Get ten sets of every tool and put them in every room in the house
>>2994587sorry you're poor.
>>2994592Says the guy that doesn't even have a dumbwaiter.
>>2994580duplicate tools in my upstairs work room, garage and shed.in each of them I have a cordless drill, and cordless impact driver, and any other tools I would use there the most.
>>2994580i live in just a shitty apartment but unironically keep an old camera bag as a bike tool repair kit. a shitty t-handle driver holder, a 1/4" ratchet, the usual bits (three sizes of philips, two flats, the four most common hex, and a 6mm hex to 1/4" socket holder thingy), a small adjustible wrench, and some other bits and bobs like a roll of tape and random stout pieces of metal to use as shims/wedges/prybars. it does 99% of jobs around the house so instead of pawing through my mounds of real tools I just reach for that first. >>2994591this unironically works. a few times when i've started to lose individual driver bits or got annoyed at having only one of something, I just got another from the dollar store just so i dont have to break apart a kit i've made up so often. just dont do this with allen keys/hex drivers. those things accumulate so fast. and then one day in a pinch i bought a big bag of random ones at a thrift shop and now they just litter my apartment and somehow the one i find is always useless for whatever i wanted to fuck in half
>>2994757also this, i had a cordless drill but found it both a little weak and always annoying that it was running out of charge in the middle of whatever I was doing just as i hit Fey Mood levels of flow and now have to go insane waiting for it to recharge. got a cheap corded one i use with a shitty Princess Auto press to do serious drilling and have the cordless as just an electric screwdriver or for reamingalso dont sleep on actual cargo pants. nerds wear them because they're stupid military larpers but i have had times at work where i regret not wearing a belt because I'm carrying like nine wrenches and a pile of pseudorandom hardware in my pockets5.11 is a meme but i have excactly one(1) pair of 5.11 pants and only because i found them at a thrift shop. i'd never pay MSRP for them but they're easily the best work pants i own and every pocket is expertly intuited by a retard to enable this particular retard
>>2994580For every project, I have to go back to where I keep my tools about 20, 30 times to get one more tool.
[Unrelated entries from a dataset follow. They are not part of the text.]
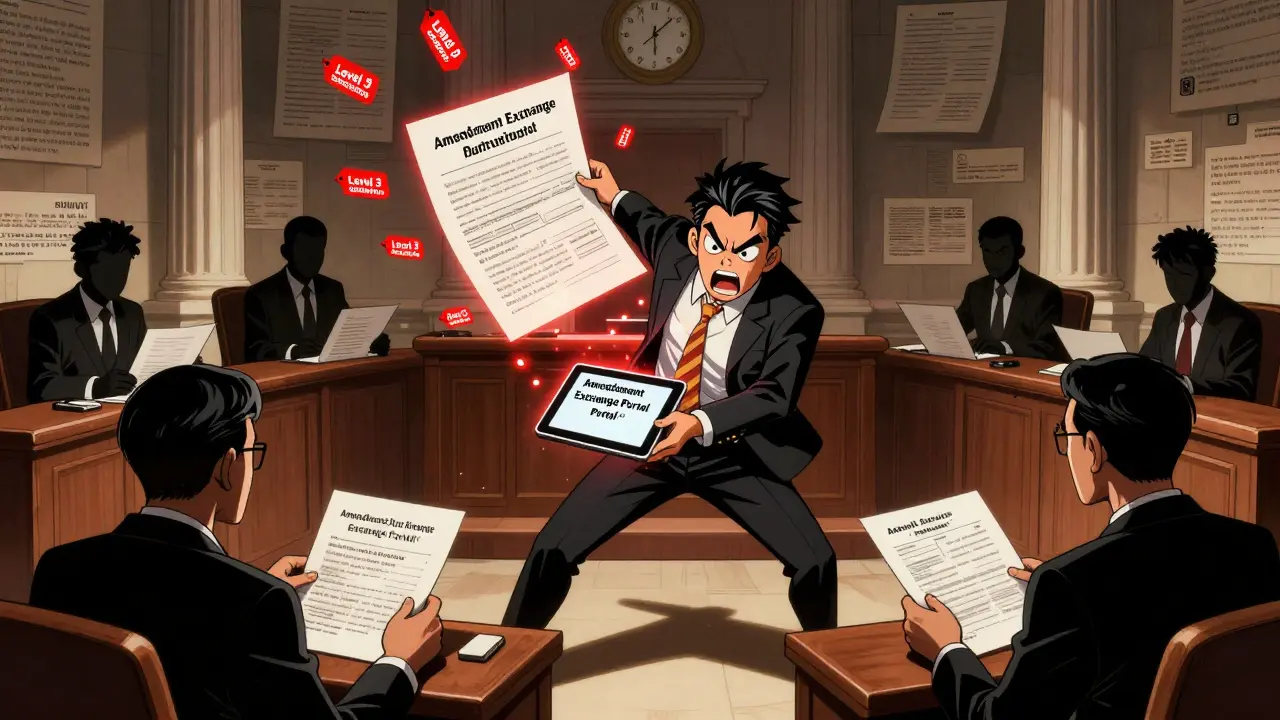 Recent Legislative Changes to Substitution: 2023-2025 Updates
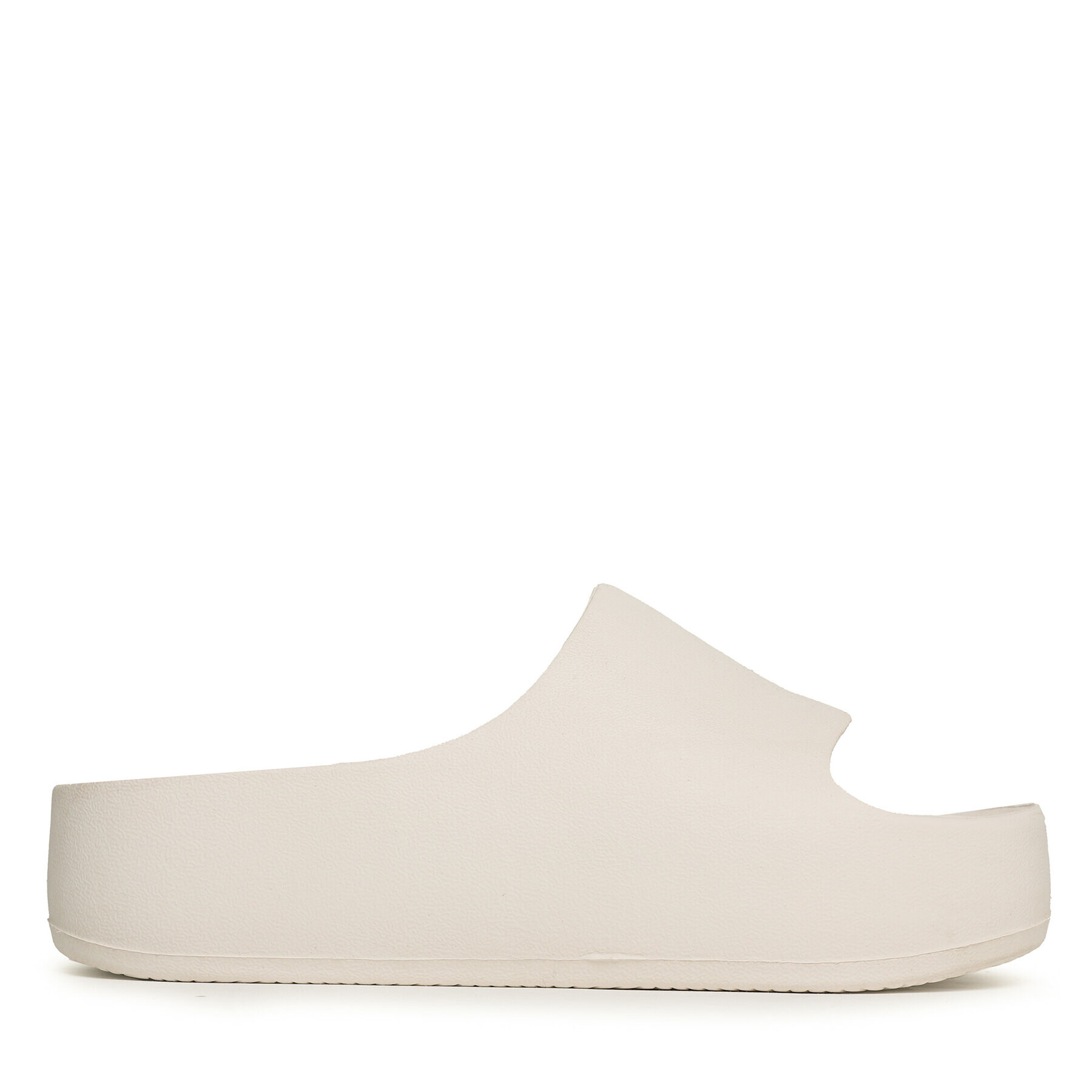 Steve Madden Nazouváky Astro Slide SM11002395-253 Écru - Pepit.cz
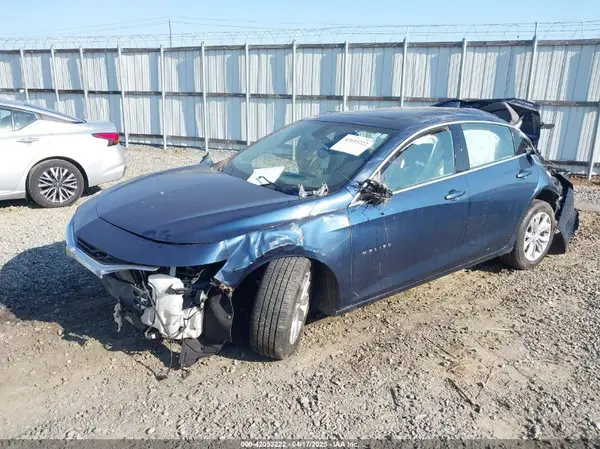 1G1ZD5ST8NF150855 2022 CHEVROLET MALIBU - Image 2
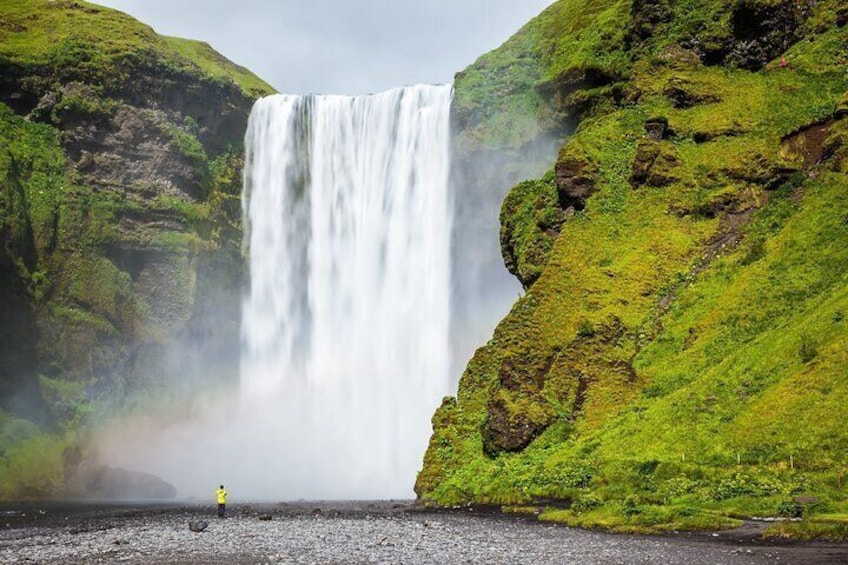 Private South Coast Adventure – Craft Your Icelandic Journey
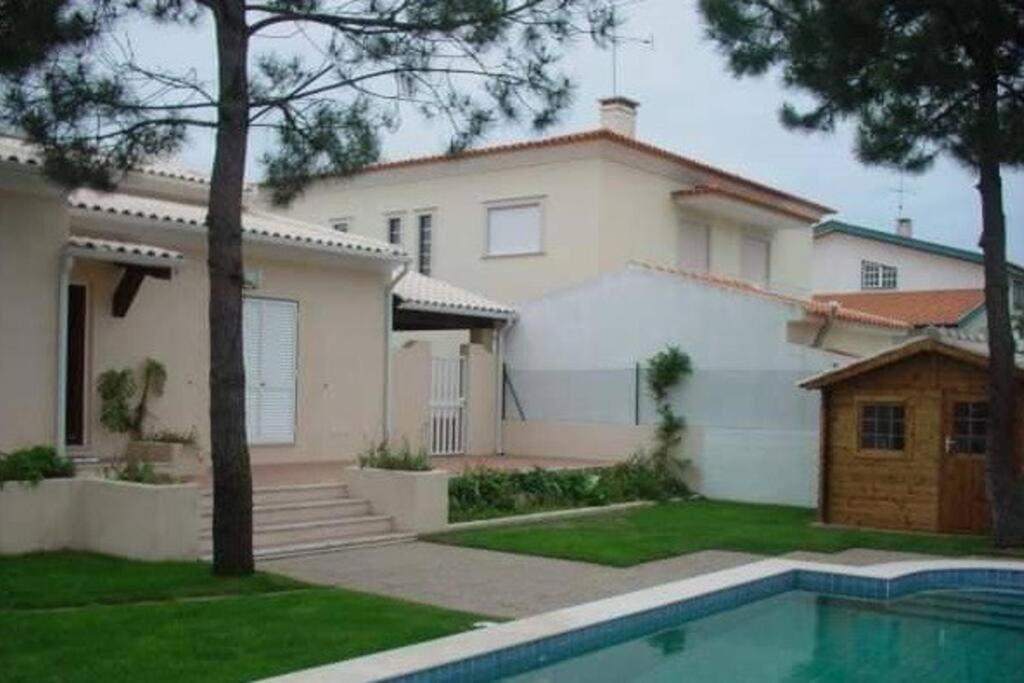 Querido, Vamos De Ferias! Βίλα Vagos Εξωτερικό φωτογραφία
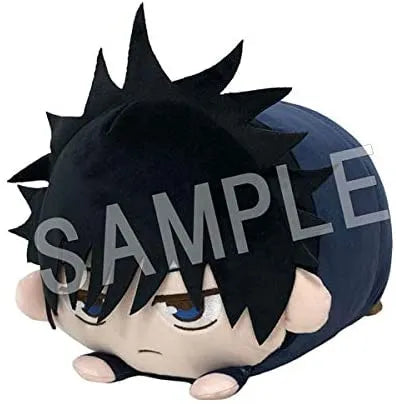 Jujutsu Kaisen - Fushiguro Megumi - Mochi Koro Cushion - Mochi Kororin (Chugai Mining)ㅤ – Chugai Mining – ActionFigure Brasil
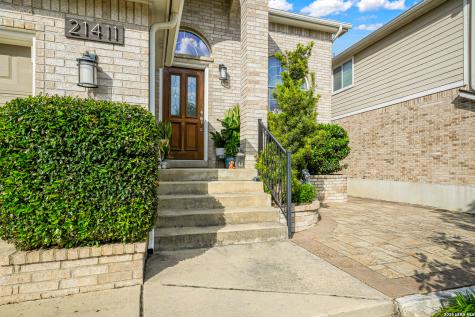 21411 La Pena Drive San Antonio TX 78258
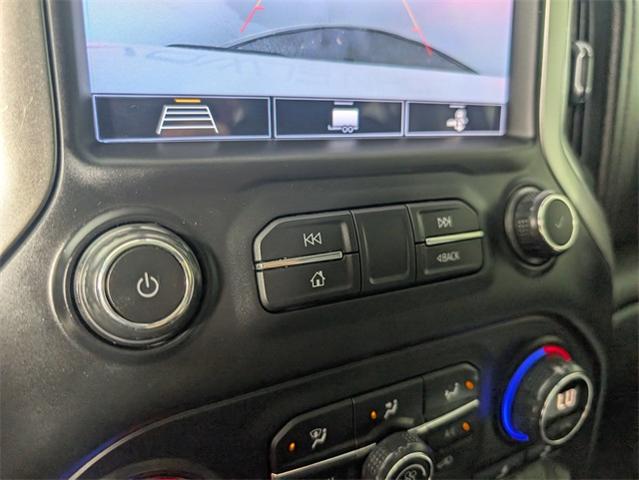 2020 Chevrolet Silverado 1500 Vehicle Photo in ENGLEWOOD, CO 80113-6708
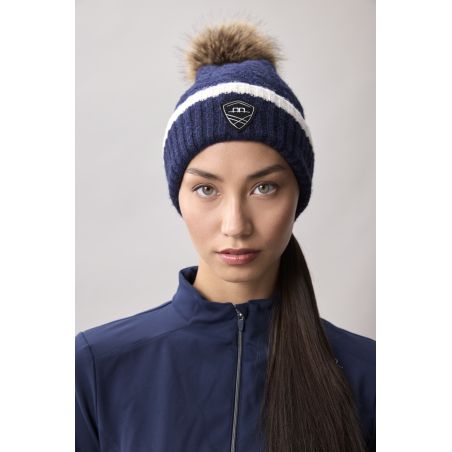Bonnet à pompon Horseware AA Monogram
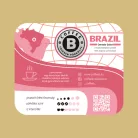 CoffeeB - Brazil Cerrado Dulce szemes kávé 1kg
It's normal. Just suck it up
>>2994580I have all my decent tools in nice tool chests in the attached garage.I also have a full tool chest (top and bottom with 9 drawers) inside a spare bedroom, which is where I do electronics and other projects.I keep a whole set of tools in the house toolbox. Its pretty much all the old stuff I bought when I first starting buying tools 20 years. It works when I need them, if not I run all the way to the garage for the better tools.
>>2994580Get a Leatherman.I carry my Skeletool all the time, even at home.Get some work shirts with the breast pocket and buy a pocket protector for pen/pencil/sharpie/boxcutter/pen light etc.If you're just lazy and unorganized, no tool can fix that. What I personally strive for is to be highly organized AND super lazy.
>>2994580Just keep your most commonly used tools in a backpack and always take it with you. Job specific tools and material can easily be carried in your hands since they are free
>>2996250Don't waste money on a bag sold as a tool carrier. They're all overprice, fall apart quickly, and are heavy even when empty. Buy a $40 tactical bag like picrel from Amazon, which is what I use as my handyman bag. Then you can add molle pouches on to it if you need more room.
>>2994580I have a little klein pouch with a couple multibit drivers, some wire stripper needle nose pliers, and then channies and pliers wrench. Add a smaller crescent wrench and it’s handy for a ton of small jobs. I take it with whenever I’m going up a ladder or upstairs just in case.